That is just what we get. Caird's production plunges us with relish into 18th-century London. Kendra Ullyart's busy warren of a set, composed of crazily tilting wooden walkways, ladders, ropes and dark holes, seethes with bodies at the snap of the beggar poet's fingers. The crowd is choreographed so that the whole set seems to creep with life. Throughout, the beggars linger in the crannies, providing entertaining 'off-stage' business on one level, serving as a reminder, on another, that solitude and space were rare commodities in the 18th-century London underworld.

There are some witty, hugely entertaining scenes: a luridly lit highway robbery is staged with great vigour and a couple of chairs; Macheath's evening with the local whores veers towards pantomime when one turns out to be played by an immense and humourless male beggar, and there's a false ending, when the poet is forced, to his chagrin, to bring Macheath back from the gallows.

The music is deftly arranged by Ilona Sekacz to combine authentic and modern instruments, and often sweetly sung (particularly Macheath and Polly's haunting love song 'Over the Hills and Far Away'), and the production is propelled forwards restlessly - every character seems eager to pack in as much as possible before death. This is particularly true of David Burt's dashing, energetic Macheath - a charming rogue in a hurry.

All the tumult is there, what is missing is the dark shadow. This is the beggar's opera - a play within a play - and therefore any sentimentality or raucous gaiety can be happily embraced. But it is also John Gay's bitter portrait of a rancid existence at the bottom of society, so the cruel reality needs somehow to jut through the surface jollity. This is poverty with polish.

From the Mississippi Delta (Cochrane, WC1) is also an account of life in poverty. Dr Endesha Ida Mae Holland's autobiographical account of growing up as a young black girl in the Deep South of the Forties was staged at the Young Vic three years ago and has now been revived by the same director Annie Castledine. The production's strength lies in the simplicity of the staging. Iona McLeish's set is a plain arrangement of rust-coloured corrugated iron that roughly suggests hardship. Against this simple set it is left to the three black actresses to carry the story, and they do so magnificently.

Pauline Black, Joy Richardson and Josette Bushell-Mingo share the scenes of Endesha's childhood, passing the characters between them and slipping into traditional spiritual and gospel songs to underline the stories. The play traces, in short episodes, the life of Endesha's brave mother and her death, at the hands of the Ku-Klux-Klan, and Endesha's own struggle to escape her background and get a university education. There's an uncomfortable touch of self-congratulation about the ending, but otherwise this is a moving piece, beautifully performed. Pauline Black brings dignity and grace to her roles, Joy Richardson brings wit. But the real delight is Josette Bushell- Mingo, who not only surprises with her impish ability to change character, but gives a piercing performance of 'Strange Fruit'. Such performances deserve more than a half-full house - where are the Cochrane's audiences?

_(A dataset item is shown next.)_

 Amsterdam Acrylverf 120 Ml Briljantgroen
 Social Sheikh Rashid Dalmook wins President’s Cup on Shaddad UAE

In Stephanie McKnight's Beat the Air (Finborough, SW10), a downtrodden woman also takes on the system and wins - to some extent. Hope Macquarie's husband is a Scottish fisherman; when his boat disappears off the coast one day in completely calm conditions and yet no one can recover his body, she smells a cover-up. She abandons her life as a normal person and heads for London, determined to bludgeon an answer from the Ministry of Defence. Having taken up residence in a downbeat flat, she makes her assault.

McKnight's play is over- long, and weakest when it deals with the big issue - the combative meeting between Hope and the man from the ministry often drops into cliche. It is at its best when drawing the curious assortment of misfits in Hope's block of flats and the relationships between them, and these characters and scenes are warmly drawn in Sarah Frankcom's production.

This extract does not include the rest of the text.